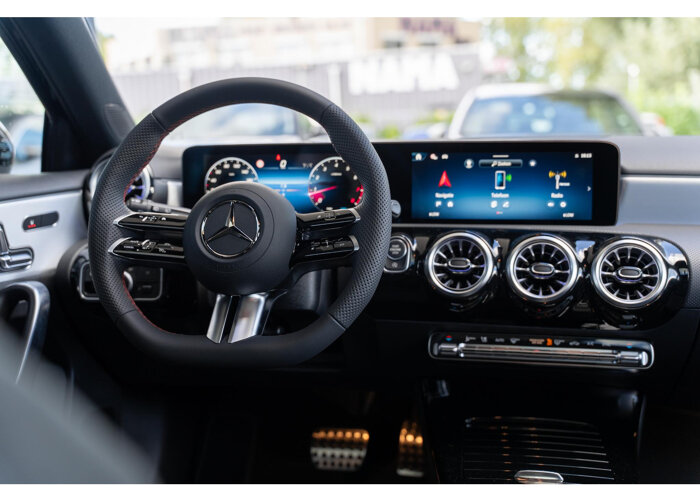 Mercedes-Benz A-Klasse 180 Business Solution AMG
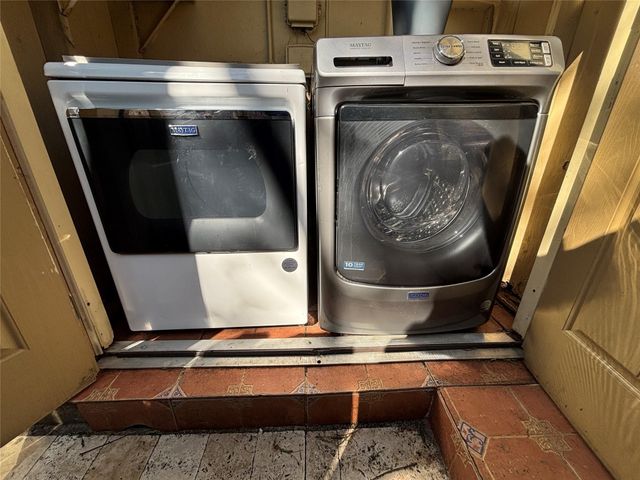 741 NE 17th Terrace, Fort Lauderdale, FL 33304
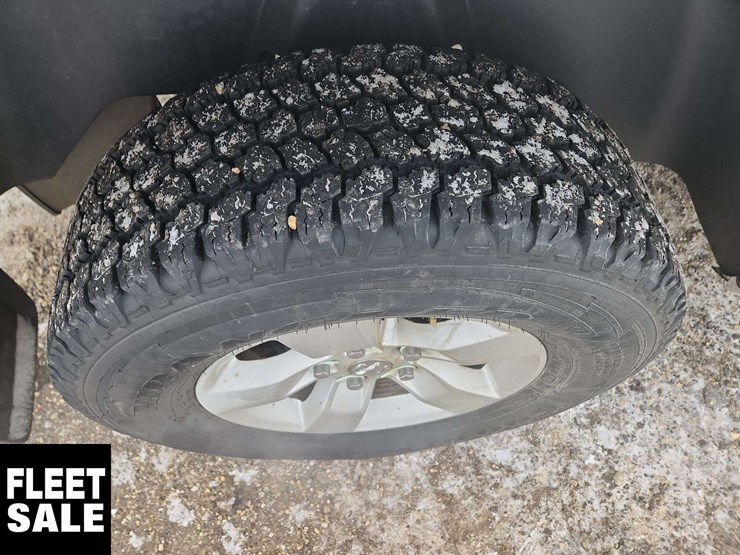 2014-dodge-1500-image-12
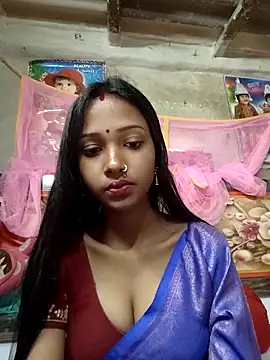 Snapshot of doll2007 chatting on 03-08-26, 09:02 doll2007 online show from 03-08-26, 09:02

=-=-=-=-=

▸ **Problem description**: Please set the data above down exactly, with the pictures removed.

▸ **Solution to this exercise**:
 Mercedes-Benz A-Klasse 180 Business Solution AMG
 741 NE 17th Terrace, Fort Lauderdale, FL 33304
 2014-dodge-1500-image-12
 Snapshot of doll2007 chatting on 03-08-26, 09:02 doll2007 online show from 03-08-26, 09:02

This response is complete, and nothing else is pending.